In an industry dominated by expensive proprietary tools, open-source software offers some enticing benefits. The SpeakRight Framework is a new open-source Java framework for writing VoiceXML applications. It offers a high-level API and re-usable classes. And since you have the source code, it’s totally extensible.
SpeakRight is code-based. You write your application in Java using SpeakRight classes, with all the power and convenience of Java debugging, refactoring, and unit tests. And unlike other web frameworks, SpeakRight is built specifically for VoiceXML and speech recognition applications. It understands prompt escalation, grammars, and confirmation. When asked to write a speech application, many developers are tempted to output the raw VoiceXML tags themselves. This works in simple cases, but once you add all the elements of a voice dialog, even a simple question involves many tags. Speech applications must deal with the inherent inaccuracy of speech recognition: retrying if recognition fails and confirming when recognition’s confidence score is low.

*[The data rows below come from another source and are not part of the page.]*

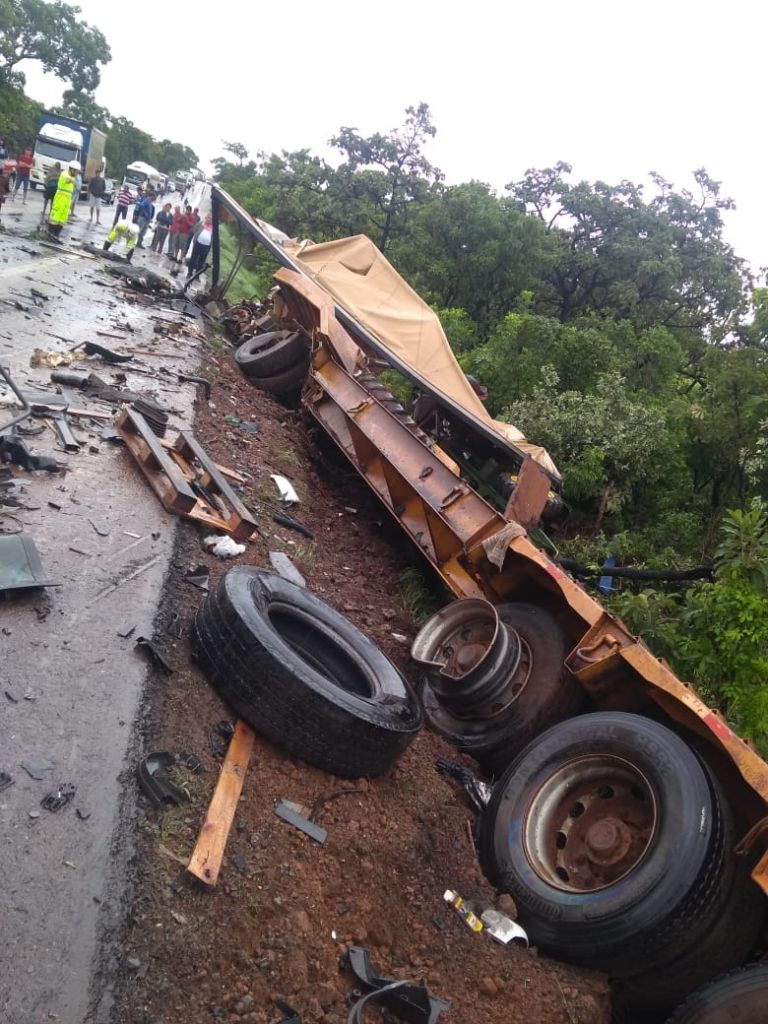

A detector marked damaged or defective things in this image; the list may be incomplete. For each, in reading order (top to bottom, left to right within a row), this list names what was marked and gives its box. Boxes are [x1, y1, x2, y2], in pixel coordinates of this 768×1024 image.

detached wheel [236, 329, 305, 378]
broken plastic piece [270, 471, 301, 503]
wrecked truck [207, 184, 768, 1015]
detached wheel [191, 569, 421, 774]
detached wheel [421, 598, 581, 774]
broken plastic piece [40, 778, 75, 811]
broken plastic piece [138, 753, 202, 806]
detached wheel [481, 712, 741, 983]
broken plastic piece [481, 909, 528, 946]
broken plastic piece [344, 942, 450, 1024]
detached wheel [663, 962, 768, 1019]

Let’s see SpeakRight in action. This example is part of a hotel application, where the user is asked for the number of rooms to be reserved.

SRApp app = new SRApp();
//add other callflow elements...
//ask # of rooms
SRONumber question = new SRONumber("rooms", 1, 10);
question.setConfirmer(new SROConfirmYesNo("rooms"));
question.setModelVar("numRooms");
app.add(question);
app.add(new PromptFlow("Got it. ${M.numRooms} rooms"));
//etc..

A question object is created using one of the built-in SpeakRight classes. SRONumber asks for a number and and does range validation. We attach a confirmation object as well, that will execute if the recognition score is below a configurable threshold. We use a simply yes/no confirmation in this example.
When executed, the question object might interact with the user like this:

Computer: How many rooms would you like?
Human: two, please.
Computer: Got it.  Two rooms.

Or if the user has more trouble due to background noise, the same question object would add error prompts and confirmation:

C: How many rooms would you like?
H: (garbled)
C: I didn't get that. Please say the number of rooms you would like.
H: one (recognized "nine" but with a low confidence score)
C: I heard 'nine'.  Is that correct?
H: no
C: Let's try again. How many rooms would you like?
H: one
C: Got it. one room.

Speakright provides default prompts and grammars. This lets you build a bare-bones application quickly. Then you can customize prompts (in external XML files) and grammars. You can also change the retry, validation, and confirmation logic. Since it’s all Java code, you have the full power of an object-oriented framework to customize, override, and extend. Even the final rendering into VoiceXML is an extension point.
Architecture
A SpeakRight application generally lives in a servlet, serving up VoiceXML to a speech platform such as those offered by Voxeo, Nuance, and Microsoft. The platform renders the VoiceXML into audio. Upon completion of a page, it sends back user input and call events. SpeakRight uses this information to traverse to the next element in the callflow. Dialog state during a session is stored by SpeakRight, usually in a servlet session variable.
GUI frameworks are based around objects called controls (or widgets). A form is built out of a set of controls that manage presentation and take user input. SpeakRight takes a similar approach to VUIs (voice user interfaces). It is based around flow objects. A flow object manages presentation (prompts, grammars, and retry logic), and control flow. In Model-View-Controller terms, a flow object is both the view and the controller. Flow objects can be customized (by setting properties), or extended using sub-classing. SpeakRight provides built-in objects for standard data types (time, date, alphanum), and for standard flow algorithms (forms, menus, list traversal, confirmation).
Features

  • VoiceXML 2.1 (partial support currently, more to come)
  • Inline, built-in, and external grammars (GSL and GRXML).
  • Prompts can be TTS, audio, or rendered data values. External prompts in XML files for multi-lingual applications and post-deployment flexibility.
  • Built-in support for noinput, nomatch, and help events. Escalated prompts.
  • Built-in validation. A flow object’s ValidateInput method can validate user input and accept, ignore, or retry the input.
  • A library of re-usable “speech objects”, called SROs is provided for common tasks such as time and dates, numbers, and currency.
  • Flow Objects. A flow object represents a dialog state such as asking for a flight number. Each flow object is rendered as one or more VoiceXML pages. Flow objects are fully object-oriented: you can use inheritance, composition, and nesting to combine flow objects. The speech application itself is a flow object.
  • Throw/catch used for errors such as max-retries-exceeded, validation-failed, or user-defined events. This simplifies callflow development because it encourages centralized error handling (although local error handling can be done when needed). Also, throw/catch increases software re-use because (unlike a ‘goto’) it decouples the part of the app throwing the error from the part of the app that handles it.
  • MVC architecture. Built-in model allows sharing of data between flow objects.
  • Flow objects can invoke business logic upon completion.
  • Extension points are available in the framework for customization.

On your next VoiceXML project, give SpeakRight a try.